The scrolling run-and-jump design had precedent in several earlier games like Irem’s Moon Patrol and Namco’s Pac-Land, but it felt more like something under the player’s control here. Mario was more capable a hero than Pac-Man or the moon-patrolling buggy, with a number of skills under his belt beyond simply moving forward and running. The stages often featured multiple paths, numerous hidden secrets, a variety of obstacles, and some devious enemies.

It was a massive action game, far more complex than anything anyone had ever played. And so, it had to teach players to play as they went.

Images courtesy of VGMuseum and VGMaps

9 thoughts on “Anatomy of Super Mario: X. Super-sized

  1. I’m curious about to learn more Yokoi’s input into Mario Bros. That fall damage decision seems like a pretty fundamental design choice, and essentially opens up the genre. At that point in Nintendo’s history, did Yokoi have the authority to call the shots over Miyamoto like that?

      1. Gumpei Yokoi never got as much credit as he deserved, I think. He was the lead designer of Metroid, was he not? You can add that accomplishment to all the trendsetting hardware he created for Nintendo throughout the 1980s.

        1. Yokoi has received plenty of credit. And the only hardware he created in the ’80s were Game & Watch and Game Boy… for which he has, again, received plenty of credit.

  2. Yay! Anatomy of a Game’s back!

    On the subject of alternating play, I really, really miss those days. I might be alone in this, since most people seem to consider a multiplayer being no fun at all unless everyone gets to play at once, but games where I could take turns with my friends made for some of my fondest childhood memories. It’s one of the reasons I don’t care much for the New Super Mario Bros. series: I feel like the screen is too cluttered and too difficult to navigate when you’ve got four players at the same time. Although, I don’t really mind Smash Bros., so I guess it’s an adventure/platformer thing.

    Mind you, the original SMB did turn-taking the “wrong” way by having the game switch to the next player only when the current player died (so if you’re playing with a pro, you may never get a turn), but Nintendo quickly fixed that with follow-up Mario games, and the All-Stars remake. (Hmm, come to think of it, in the Japanese SMB 2, did players switch turns when one died, or when they completed a stage?)

  3. Arguably SMB got the inertia and jump physics just right, however there were so many platformers that also had a very specific feel to them, good examples being in the vein of Wonder Boy/Adventure Island while bad examples like Psycho Fox/Magic Hat etc. I would love to one day see a detailed compare/contrast of all the major platformers that had specific (memorable) jump/movement physics. You already pointed it out in the Castlevania Anatomy series, but there are Mega Man, Revenge of Shinobi, Contra, etc.

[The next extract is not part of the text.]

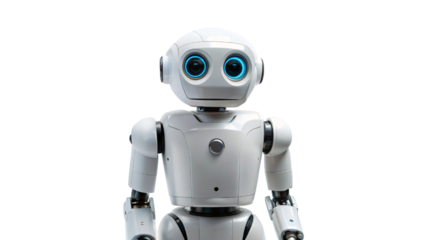 Isolated white 3D robot render with futuristic technology design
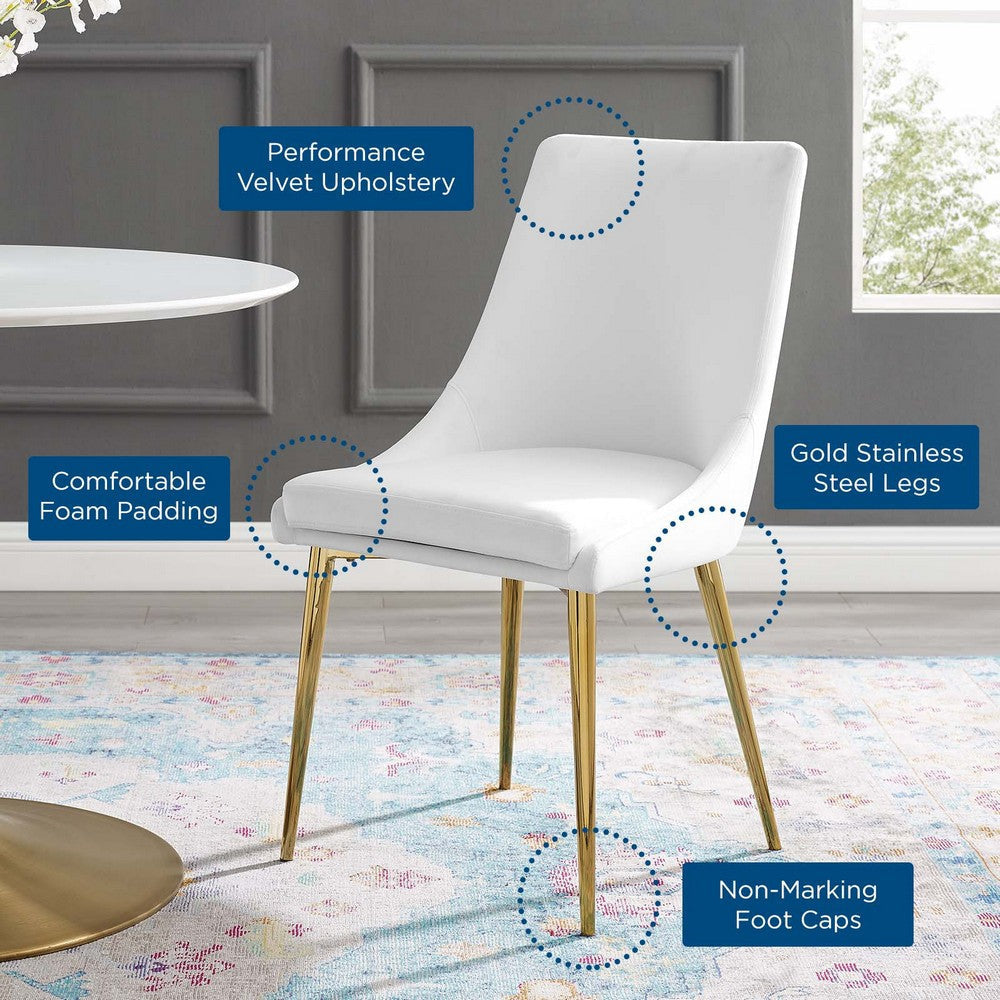 Modway Viscount Modern Accent Performance Velvet Dining Chair White MDY-EEI-3416-WHI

  4. I might be the only gamer in existence to think this, but I always found the SMB jump physics to be off-putting, specifically, the inertia needed to move horizontally once you jumped straight up. It is the reason I never really enjoyed Mario games since, except SMB2, where I could play as the princess and avoid the “jumping” altogether.

  5. “Back in 1985, it was a game like nothing before it.”

    Unless you count Pac-Land. :}

    Seriously though, even that felt kind of confined next to Super Mario Bros., despite the scrolling stages. Pac-Man just wasn’t given much to do besides run from one end of the stage to the other, stopping only to munch fruits and the occasional monster.

    1. I mentioned Pac-Land. It wasn’t a patch on Super Mario Bros, though. It didn’t even have a joystick — you controlled it with left/right buttons, like Space Invaders.